RSS

#7: Mike Tyson’s Punch-Out!!

03 Mar
Mike Tyson's Punch-Out!!

December 1987: Mike Tyson’s Punch-Out!!

One does not imagine that Mike Tyson has ever spent a significant amount of time actually playing Mike Tyson’s Punch-Out!!, though doubtless he has played it at least once, on camera, for publicity purposes, if nothing else. But the image of Mike Tyson spending hours learning the patterns and perfecting the timing required to beat each of the racial stereotypes that stand before you as obstacles on the path to a bout with Mike Tyson himself is rather preposterous. He did, after all, have an actual boxing career in the real world to concentrate on, which you’d have to assume would take precedence.

This is the curious thing about celebrity endorsements of video games, a phenomenon which is confined almost entirely to the genre of sports games, which generally provide an experience that is almost, but not entirely, completely dissimilar to actually participating in the sport in question. Evaluating your opponent’s tactics and finding ways to exploit their weaknesses is, I’m sure, a key skill in boxing, but I feel like its importance somewhat pales in comparison to the ability to take multiple blows to the head without falling unconscious. I am probably better than Mike Tyson at Mike Tyson’s Punch-Out!! but I would certainly never want to get into an actual boxing ring with him. A NES can provide you with a series of opponents who operate according to predictable patterns with clear vulnerabilities, but, barring some extremely hardcore and probably illegal modifications, it can’t punch you in the face. Jumping ahead a bit, games like the boxing mode of Wii Sports might even give you a actual physical workout, but they still won’t punch you in the actual physical face.

I am not, to be clear, suggesting that this is a bad thing, or that these games are in some way failures for being inadequate representations of the sports they purport to simulate. That’s not really what anyone expects, or even particularly wants from these games. So why then would a celebrity endorsement even matter? What does Mike Tyson know about video games anyway?

Well, if we’re conceding that Mike Tyson’s Punch-Out!! does not fail in an attempt to simulate the experience of boxing so much as it makes no real attempt to do any such thing, perhaps we should stop talking about it as a boxing game and start talking about it as a video game for a little while. In their own ways, all of the games we’ve looked at so far have taken somewhat of a kitchen sink approach, throwing all kinds of different things at the player, so that if one doesn’t quite land, there’ll soon be something totally different around. The Legend of Zelda is obviously the epitome of this, but even Bubble Bobble, despite its confined space, has a wide variety of enemies, bubbles that create waterfalls, bonus bubbles with letters inside that can add up to extra lives, and so on.
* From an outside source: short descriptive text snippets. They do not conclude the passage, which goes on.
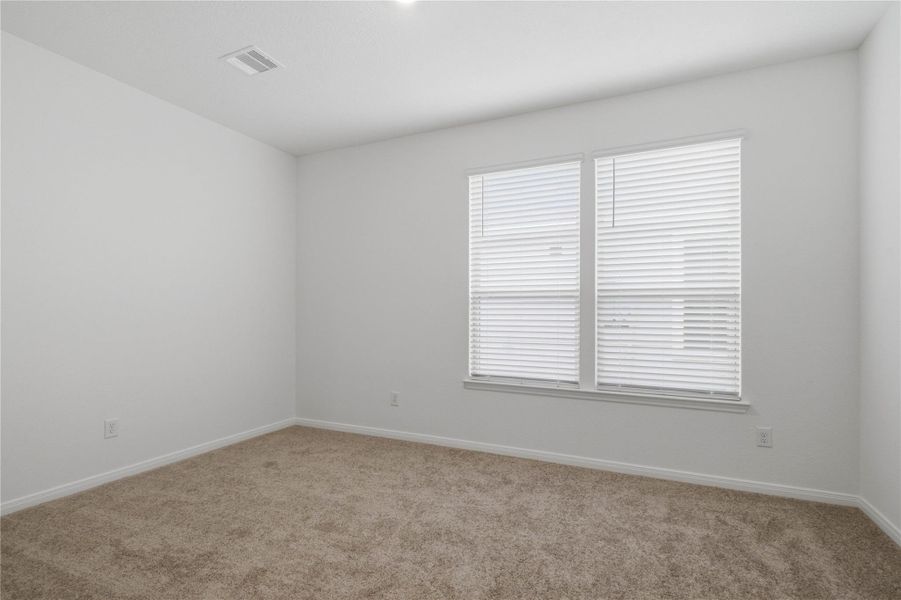 The Den offers a versatile space that seamlessly expands your living options—perfect for a home office, playroom, media space, or whatever suits your lifestyle.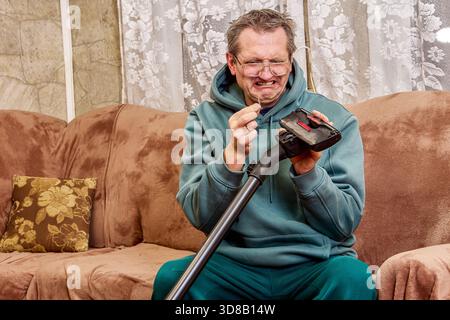 Spazzola aspirapolvere, uomo di mezza età si concentra sulla rimozione dello sporco dagli utensili domestici, l'espressione del viso mostra un chiaro disgusto durante le attività più semplici. Foto Stock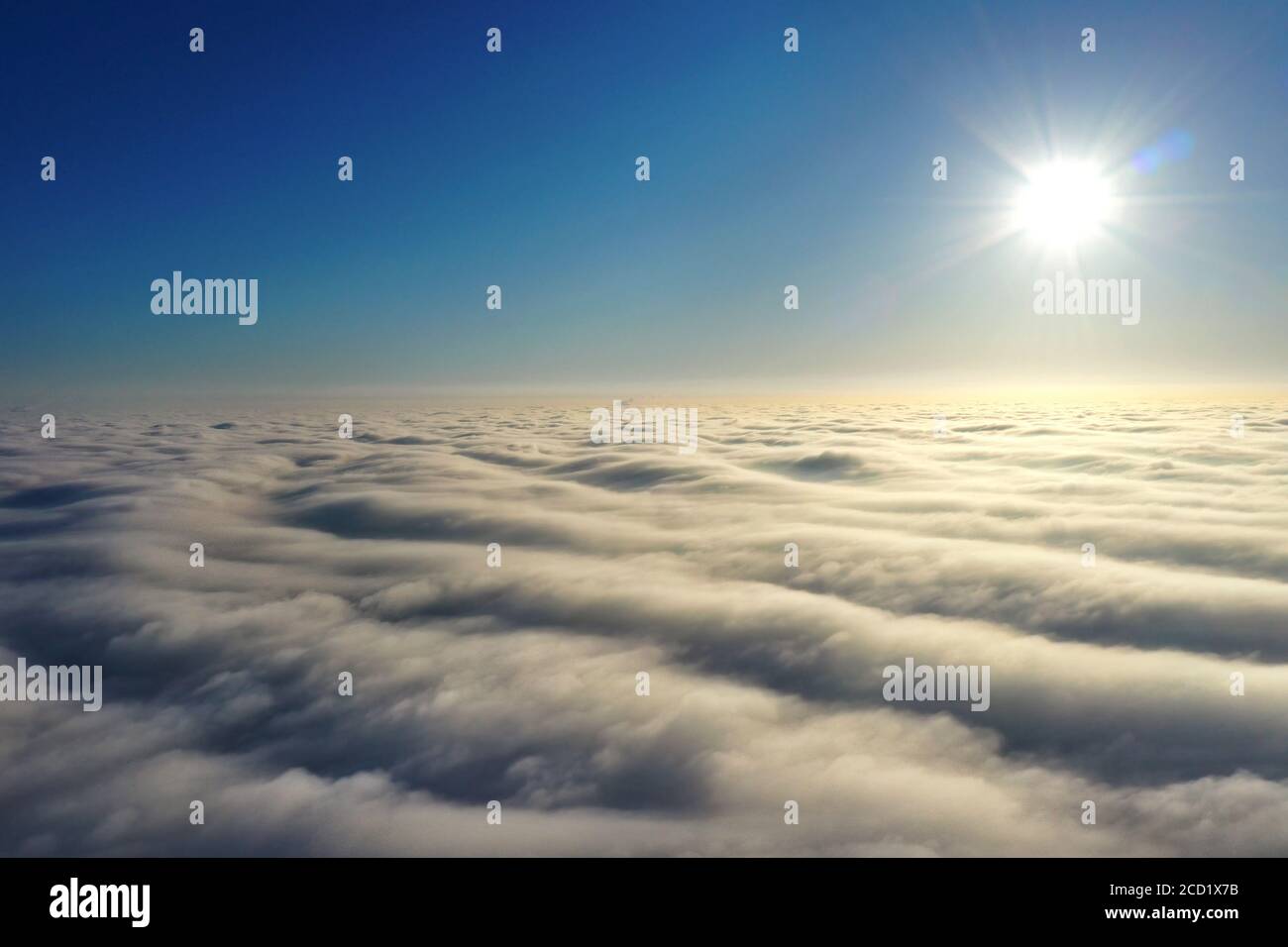 Fotografia aerea, sole luminoso sopra l'orizzonte e sopra dense nuvole grigie in un cielo blu scuro. Foto Stock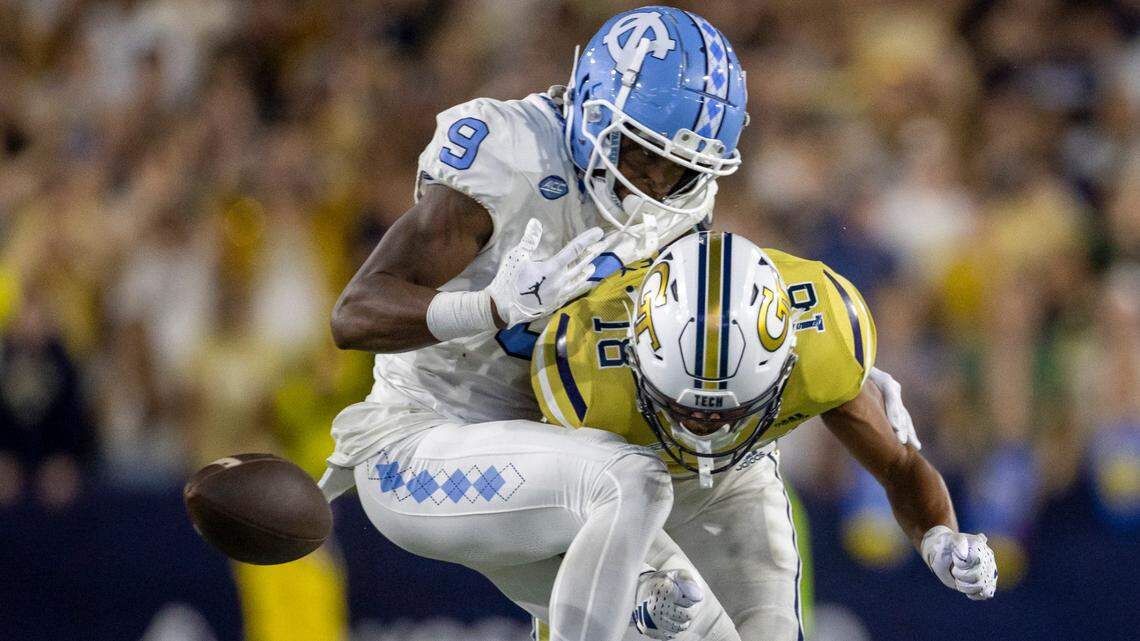 Georgia Tech’s Ahmari Harvey (18) collides with North Carolina’s Devontez Walker (9), forcing a fumble, after a 36-yard pass completion from quarterback Drake Maye with 2:54 to play in the game, securing a 46-42 victory for the Yellow Jackets on Saturday, October 28, 2023 at Bobby Dodd Stadium in Atlanta, Georgia.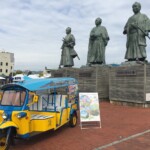 三志士像の前でツノトゥクをPR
Mike Tyson’s Punch-Out!! does not do this. Instead, it does one thing, and concentrates on doing it well. It is, essentially a series of boss fights; learn their patterns, figure out which of the five moves you have at your disposal you need to use to counter them and when, and keep on pumping away until you win. The difficulty curve is pretty excellently pitched; as you progress through the ranks, the game will expect faster and faster reaction times, and punish you more and more harshly for your mistakes. Checkpoints are provided every few fights so that you don’t need to beat the hell out of Glass Joe over and over when you’ve already progressed well beyond the point where doing so provides any useful learning experience, but spaced apart enough that there are real stakes to the ‘title bouts’ that occur just before each checkpoint.

It is, in the end, not an excellent simulation of boxing, but an excellent simulation of a fantasy of being a boxer. And that’s what people are really looking for when they play these kind of celebrity endorsed sports games. All the thrills of being in the ring, of driving a rally car, of doing cool tricks on a skateboard; none of the risks of brain damage from too many blows to the head, of flipping your car into a ditch, of breaking your ribs falling of the board. And hey, while we’re being fantasists, why not pretend that if a real pro like Mike Tyson or Colin McRae or Tony Hawk says it’s cool, then that totally lends authenticity to our fantasy? As stretches of reality go, that’s just a drop in the ocean compared to pretending that I’d stand any chance in the ring against Mike Tyson.

 

NEXT: METROID

 
1 Comment

Posted by on March 3, 2015 in 1987, NES

 

One response to “#7: Mike Tyson’s Punch-Out!!

  1. Iain Mew (@iainmew)

    March 3, 2015 at 7:04 am

    Playing this for the first time I was really struck by the contrast between the simplistic gameplay and the presentation, those elaborate intros and between round screens and all. It seemed like a step towards the future compared to anything else you’ve covered so far, although I suspect others have had stuff like that but in the manual rather than on screen.